Norizan Bakar

Personal information
- Full name: Norizan bin Bakar
- Date of birth: January 27, 1961 (age 64)
- Place of birth: Perlis, Malaysia
- Position(s): Midfielder

Team information
- Current team: Felcra F.C. (Director of Football)

Senior career*
- Years: Team / Apps / (Gls)
- 1978–1989: Perlis FA

Managerial career
- 2003–2004: Perlis FA
- 2005: Penang FA
- 2005–2006: Malaysia U-23
- 2005–2007: Malaysia
- 2008: Kelantan FA
- 2011–2012: Perak FA

= Norizan Bakar =

Malaysian footballer

Norizan bin Bakar (born 27 January 1961 in Kampung Datuk Kaya Man, Perlis) is a former Malaysian football player. He currently the Director of Football for Felcra F.C.

== Club career ==

Norizan played for his home state Perlis in semi-pro league from 1978 until 1989. His main achievement as a player was a Division Two title in 1989 with Perlis FA.

==Coaching career ==

=== Perlis FA and Penang FA ===

Norizan started his coaching career with his own former team Perlis FA. He also had a stint with Penang FA.

With Perlis, he won the Malaysia Cup in 2004 as well as the Malaysia FA Cup runner-up in 2003.

=== Malaysia ===

After Bertalan Bicskei relieved of his duties as the head coach of the Malaysia national football team, Norizan was appointed as his successor by Football Association of Malaysia in September 2005. He was also appointed as head coach of Malaysia national under-23 football team, until 2006.

Early in his reign, the Malaysia U-23 squad achieved Manila 2005 SEA Games bronze medal, and the senior team also emerges as ASEAN Football Championship semifinalists in 2007.

However, in the 2007 AFC Asian Cup, which Malaysia qualified as co-hosts, Norizan had his worst results as a coach. The Malaysian team was hammered 5–1 against China and 5–0 against Uzbekistan; only a 2–0 loss against Iran was considered a respectable score. After the defeat against Uzbekistan, Norizan was sacked, although he was still in charge for the final group match against Iran.

The poor showing by the Malaysia national team at the Asian Cup and the criticism from the Malaysia fans and medias also led to a mass resignation of the upper echelons of Football Association of Malaysia (FAM) including the deputy president, Tengku Abdullah ibni Sultan Ahmad Shah.
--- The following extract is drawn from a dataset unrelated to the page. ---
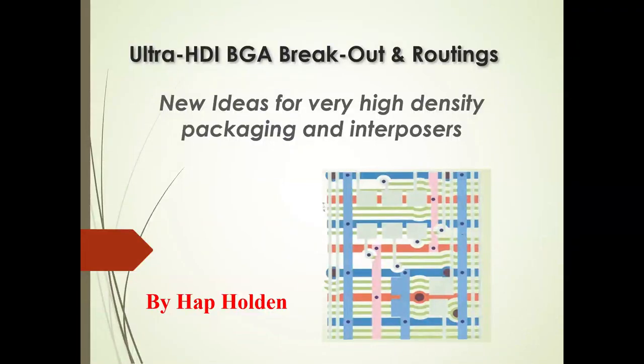Welcome everyone to the second in our series of three. I want to thank Sierra Circuits for putting this all together. I don't normally do this kind of training and instruction, but with the Sierra Circuits invitation, I sent them a list of training programs I've done in the past, and they picked out a few that they feel their customers and all of you are interested in.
===Kelantan FA and Perak FA===

In 2008, Norizan became the manager for Kelantan FA. Due to family problems, he resigned from his position as Kelantan FA's coach at the end of the season.

He was appointed head coach of Perak FA in October 2010. In his first season with Perak, the team achieved 6th place in the league, a vast improvement from 11th place of the previous season. His second season with Perak brought mixed fortunes. Although the team ended the league at an improved 4th place, he had criticism from the fans over his tactics and players chosen, in particular import striker Lazar Popovic who only scored once in 14 matches. A heavy 6–0 defeat by Kelantan FA on 7 July in the league seals Norizan's fate, Perak relieved him of his duties soon after, his job taken over by his assistant Chong Yee Fat for the remainder of the league games, and Jang Jung for the season-ending 2012 Malaysia Cup competition.

==Personal life==
Norizan was also known by his nickname 'Cikgu Jan'. The nickname (Cikgu meaning 'Teacher' in Malay, and Jan is a diminutive form of Norizan), stems from his background as a former school teacher.